In a new tank, however, the nitrogen cycle is not yet established. Because there aren't any beneficial bacteria in a new tank, the chemicals from the fish waste cannot be converted into less harmful chemicals. The tank will go through a few chemical spikes as it tries to achieve a perfect balance. Any fish in the tank at this time will suffer the effects of chemical poisoning. First, ammonium will continue to build up until Nitrosomas bacteria become established. The ammonium levels will then decrease to safe levels. However, because there aren't Nitrospira bacteria yet, the nitrites will also build up until the Nitrospira bacteria colonize the tank. When nitrates appear, the tank has finished cycling and you have nothing more to worry about New Tank Syndrome.
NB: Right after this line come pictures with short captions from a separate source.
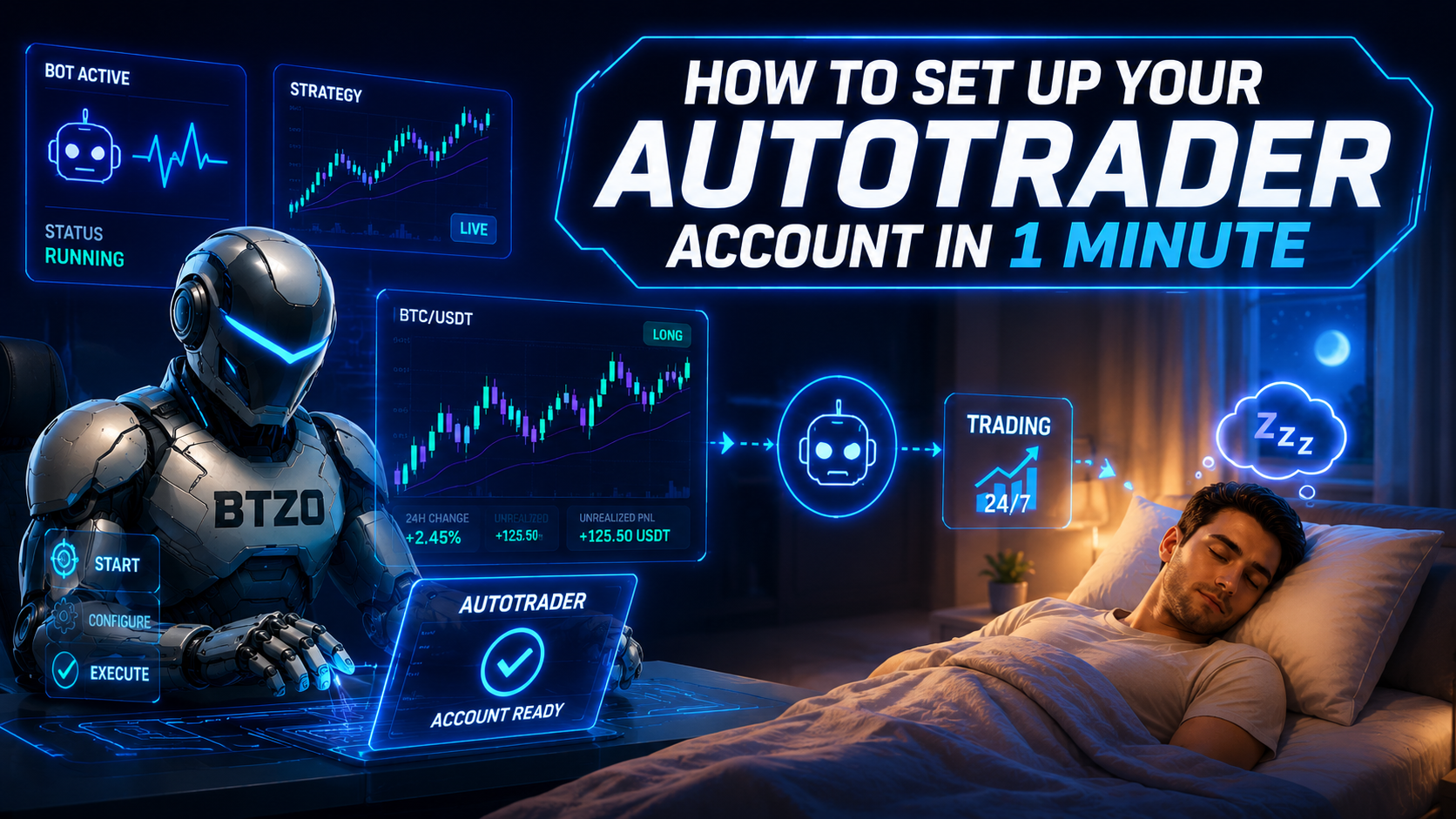 How to Set Up Your AutoTrader Account in 1 Minute: A Step-by-Step Guide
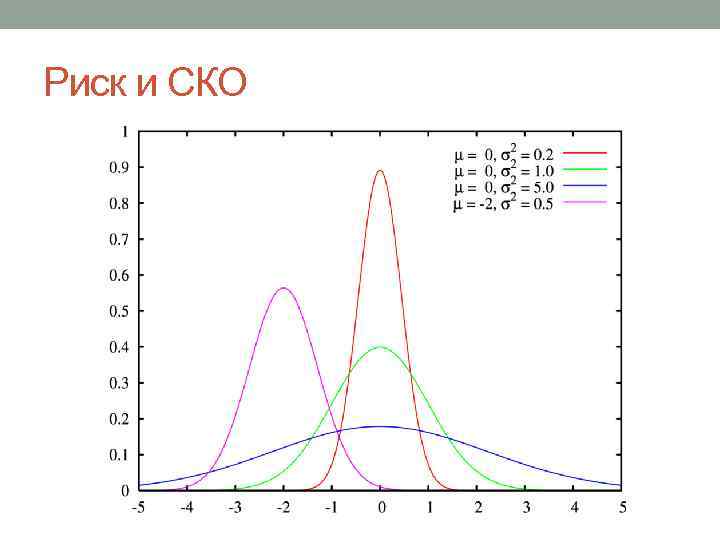 Риск и СКО 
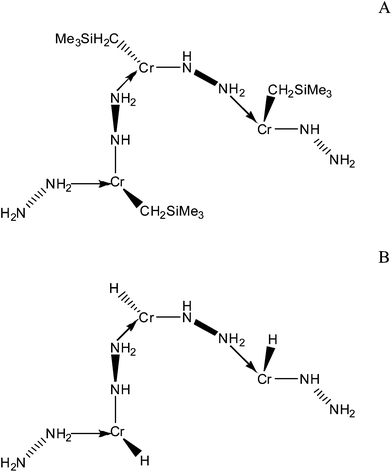 Schematic representations of the proposed structures19 of the Cr(ii) hydrazine linked systems; (A) before hydrogenation, and (B) after hydrogenation.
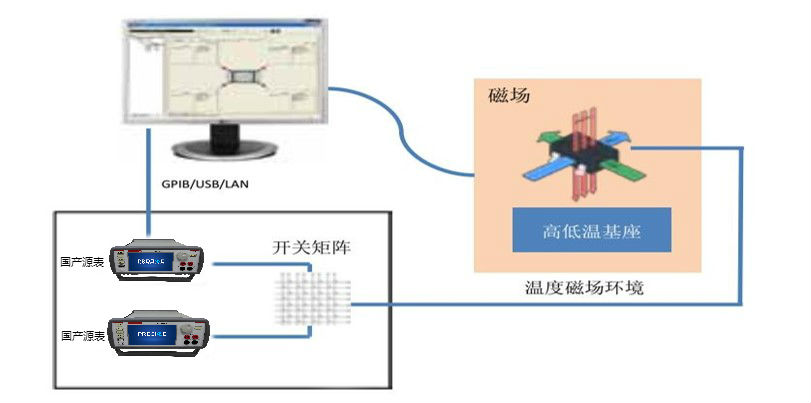 半导体霍尔效应测试方案搭建图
In order to measure the amount of chemicals present in the aquarium, you need to buy a test kit online or from your local fish store that can test for pH, ammonia, nitrites, and nitrates. Although some local fish stores do offer free water tests, it may be more convenient to get a test kit for yourself since you will need to test the water at least every few days to properly monitor the cycling process.



So how do I cycle a tank?

There are two ways - Cycling with fish or without fish, both methods can take 2-4 weeks

  • Fishless cycling (preferred method) - for this you need pure ammonia. Begin by adding as many drops needed to bring ammonium readings to 4-5ppm. When it drops to 1ppm, add more ammonia to bring it back up. When it lowers to 1 in less than a day, test for nitrites. Continue adding ammonia to keep the level stable at 1ppm. When the nitrites reach 0ppm, the tank has finished cycling.
  • Cycling with fish - for this to work you need to purchase a hardy fish such as a zebra danio. Only buy a few, such as 1 or 2, so that the chemical spikes are not drastic. Feed them regularly and measure the amounts of chemical everyday. If you encounter a huge spike, do small water changes until the levels are safe. Once ammonium and nitrite levels read 0ppm and nitrate is present, the tank has finished cycling.